IN THE COURT OF APPEAL OF NIGERIA

ON WEDNESDAY, THE 27TH DAY OF JANUARY, 2016

CA/C/263/2011

 

BETWEEN

MR. BATHELOMEW ODEY ONIGA ..................   Appellant

AND

1.       GOVERNMENT OF CROSS RIVER STATE

2.       ATTORNEY-GENERAL (COMMISSIONER FOR JUSTICE, CROSS RIVER STATE)  .... Respondents

 

 

MAIN JUDGMENT

PAUL OBI ELECHI, J.C.A. (Delivering the Leading Judgment):

This is an appeal against the Judgment of Honourable Chief Judge Okoi I. Itam of the Cross River State High Court, Calabar delivered on the 22nd day of June, 2011, whereby the Appellant's case which was commenced by Originating Summons in Suit No. HC/134/2010 was dismissed for being statute-barred.

ISSUE FOR DETERMINATION:

(1)     "Whether there was no evidence on Record to show that the Governor acted Ultra vires his power thereby making the claims of the Appellant bordering on breach of Contract of Employment.

(2)     Whether the Judgment of the trial Court is not a nullity, the Court having being divested of jurisdiction by virtue of Section 254 (C) (1) (a) of the 1999 Constitution (as altered) ."

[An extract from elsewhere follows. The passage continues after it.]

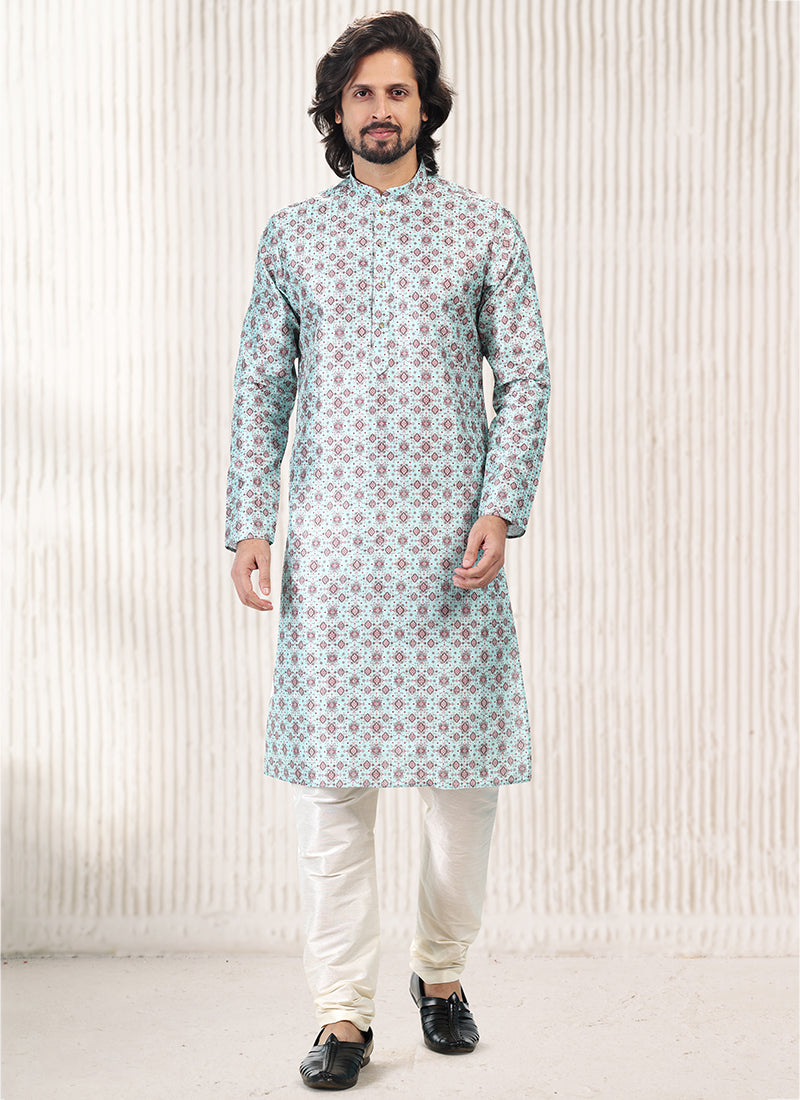 Elegant SkyBlue Banarasi Silk Men's Kurta for Parties and Weddings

On his own part, the Respondent only adopted Issue No. 2 of the Appellant and formulated one new Issue for determination thus:

(1)     "Whether the Respondents can be protected by the Public Officers (Protection) Law of Cross River State, 2004, Cap P 17 as Amended in 2007 , in view of the circumstances of this case.

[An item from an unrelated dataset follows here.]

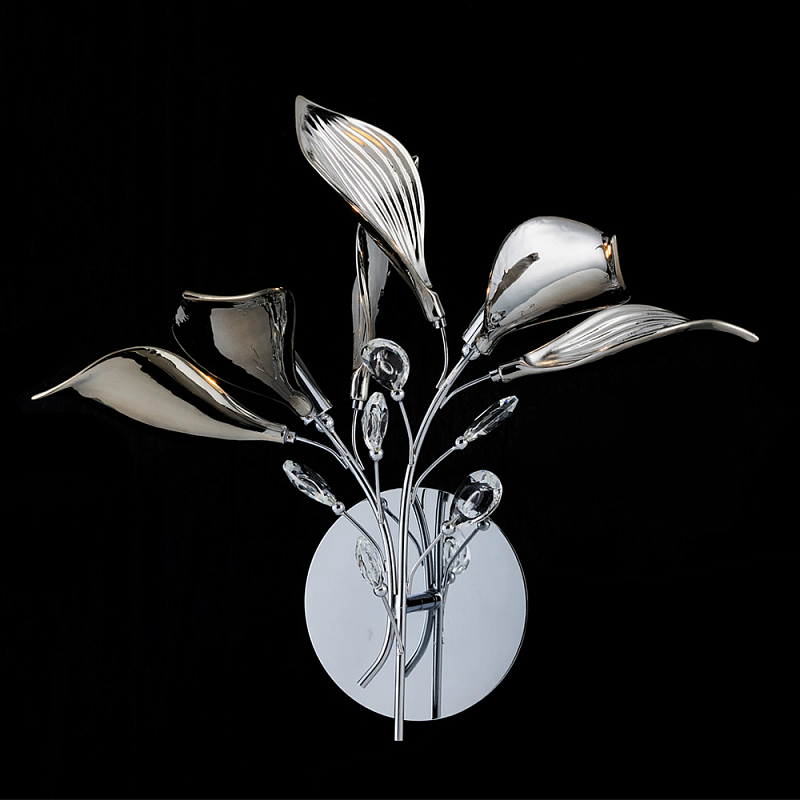 Бра с декором в виде листьев Silver Bouquet Хром в Ростове-на-Дону | Loft Concept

(2)     Whether the Judgment of the trial

Court is not a nullity, the Court having been divested of jurisdiction by virtue of Section 254 (C) (1) (a) of the 1999 Constitution (as altered)."

In arguing Issue No. 1 above on whether there was no evidence on Record to show that the Governor acted Ultra vires his power thereby making the claims of the Appellant bordering on breach of contract of employment justifiable, Learned Appellant's Counsel submitted that the trial Judge failed to consider the material averments and Exhibit pleaded before reaching a conclusion and referred to the clear provisions of Section 8 of the Fire Service Law of Cross River State, 2004. The Appellant, he maintained, was compulsorily retired after 35 years of service while he was just 54 years of age contrary to Section 8 (1) of the Fire Service Law of Cross River State, 2004. See Buhari vs. Obasanjo (2003) 13 NWLR (Pt.941) 1, Amadi vs. NNPC (2006) 10 NWLR (Pt 674) 51, Kato vs. CBN (1991) 9 NWLR (Pt 214) 126.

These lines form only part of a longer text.